“The main reason we were successful defending the homes we did was due to the defensible space provided by the homeowners,” he said. “We were not successful at saving some homes in the neighborhood as we were spread too thin.”
The Marin Independent Journal published an excellent interview Saturday with Tim Walsh, Crew Superintendant for Marin’s Tamalpais Fire Crew, upon their return from the devastating Valley Fire in Lake County. Fire Safe Marin extends condolences to the families of those who died and to the thousands of families whoe lost their homes and belongings, however we are not stunned that a fire like this occurred. More damaging wildfires are likely as we reach October, historically the most critical month of fire season in Northern California – without taking into account this year’s record setting drought.

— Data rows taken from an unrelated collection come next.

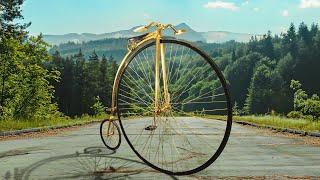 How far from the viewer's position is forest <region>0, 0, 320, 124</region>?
4250cm

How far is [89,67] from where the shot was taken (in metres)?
123

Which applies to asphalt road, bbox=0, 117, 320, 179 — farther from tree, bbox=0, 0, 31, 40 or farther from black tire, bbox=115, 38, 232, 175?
tree, bbox=0, 0, 31, 40

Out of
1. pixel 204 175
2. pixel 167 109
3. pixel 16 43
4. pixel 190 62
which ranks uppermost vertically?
pixel 16 43

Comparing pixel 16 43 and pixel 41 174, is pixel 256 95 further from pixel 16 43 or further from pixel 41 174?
pixel 41 174

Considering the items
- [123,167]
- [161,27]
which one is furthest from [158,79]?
[123,167]

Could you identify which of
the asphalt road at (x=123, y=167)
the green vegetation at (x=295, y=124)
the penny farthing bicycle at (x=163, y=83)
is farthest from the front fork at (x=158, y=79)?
the green vegetation at (x=295, y=124)

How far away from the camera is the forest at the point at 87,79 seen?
139 feet

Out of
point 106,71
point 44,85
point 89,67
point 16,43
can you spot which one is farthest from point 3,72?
point 106,71

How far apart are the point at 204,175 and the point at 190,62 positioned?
1.71m

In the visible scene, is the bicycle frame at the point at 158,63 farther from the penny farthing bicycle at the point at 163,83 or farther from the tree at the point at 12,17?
the tree at the point at 12,17

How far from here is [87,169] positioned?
622 cm

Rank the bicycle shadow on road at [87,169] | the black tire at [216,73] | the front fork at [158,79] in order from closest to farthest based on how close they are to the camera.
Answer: the black tire at [216,73] → the front fork at [158,79] → the bicycle shadow on road at [87,169]

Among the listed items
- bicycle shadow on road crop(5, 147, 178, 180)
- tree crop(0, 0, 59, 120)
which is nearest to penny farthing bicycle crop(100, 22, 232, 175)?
bicycle shadow on road crop(5, 147, 178, 180)

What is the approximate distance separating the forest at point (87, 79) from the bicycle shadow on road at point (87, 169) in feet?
5.76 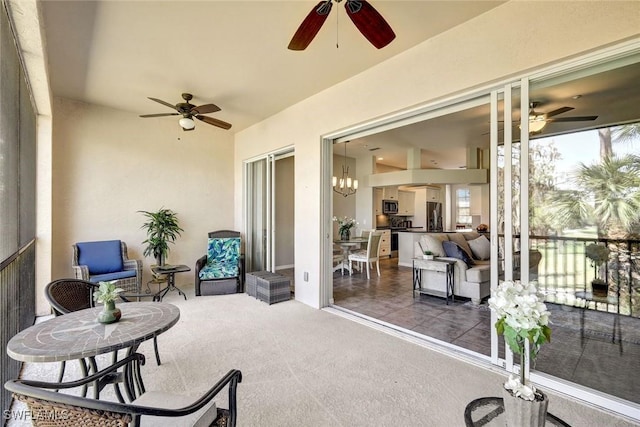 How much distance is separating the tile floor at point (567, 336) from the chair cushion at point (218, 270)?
82.7 inches

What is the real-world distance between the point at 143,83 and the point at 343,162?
5447 mm

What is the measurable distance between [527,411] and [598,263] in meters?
2.29

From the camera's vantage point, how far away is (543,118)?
99.5 inches

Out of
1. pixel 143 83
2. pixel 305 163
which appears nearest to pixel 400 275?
pixel 305 163

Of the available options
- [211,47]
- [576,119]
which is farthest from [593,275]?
[211,47]

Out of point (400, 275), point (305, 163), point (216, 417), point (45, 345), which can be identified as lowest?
point (400, 275)

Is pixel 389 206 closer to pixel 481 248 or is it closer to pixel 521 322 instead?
pixel 481 248

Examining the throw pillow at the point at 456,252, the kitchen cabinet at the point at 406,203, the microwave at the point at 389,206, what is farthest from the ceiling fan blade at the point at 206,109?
the kitchen cabinet at the point at 406,203

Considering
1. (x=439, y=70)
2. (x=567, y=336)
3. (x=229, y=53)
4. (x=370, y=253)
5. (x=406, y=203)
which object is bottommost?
(x=567, y=336)

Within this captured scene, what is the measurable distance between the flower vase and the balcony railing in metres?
→ 3.32

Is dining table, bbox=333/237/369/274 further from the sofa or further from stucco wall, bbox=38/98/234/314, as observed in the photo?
stucco wall, bbox=38/98/234/314

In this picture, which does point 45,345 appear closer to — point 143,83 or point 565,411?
point 565,411

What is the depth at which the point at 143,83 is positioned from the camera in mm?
3861

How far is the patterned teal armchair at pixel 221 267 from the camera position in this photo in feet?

Upon returning from the Valley Fire, Walsh and the Tamalpais Fire Crew immediately returned to work for Fire Safe Marin where our partnership helps reduce vegetation fuels in Marin’s wildlands. Currently nearing completion on a eucalyptus removal and fuel break project on Ridgewood Fire Road above the Terra Linda/Sleepy Hollow Divide Open Space Preserve, the Tamalpais Fire Crew is one of Marin’s best resources for not only fighting wildfires, but preventing them and reducing the intensity of ones that might occur in the future.
While the Tamalpais Fire Crew successfully saved dozens of homes near Middletown, Superintendant Walsh summed it up the in the interview: “The main reason we were successful defending the homes we did was due to the defensible space provided by the homeowners,” he said. “We were not successful at saving some homes in the neighborhood as we were spread too thin.”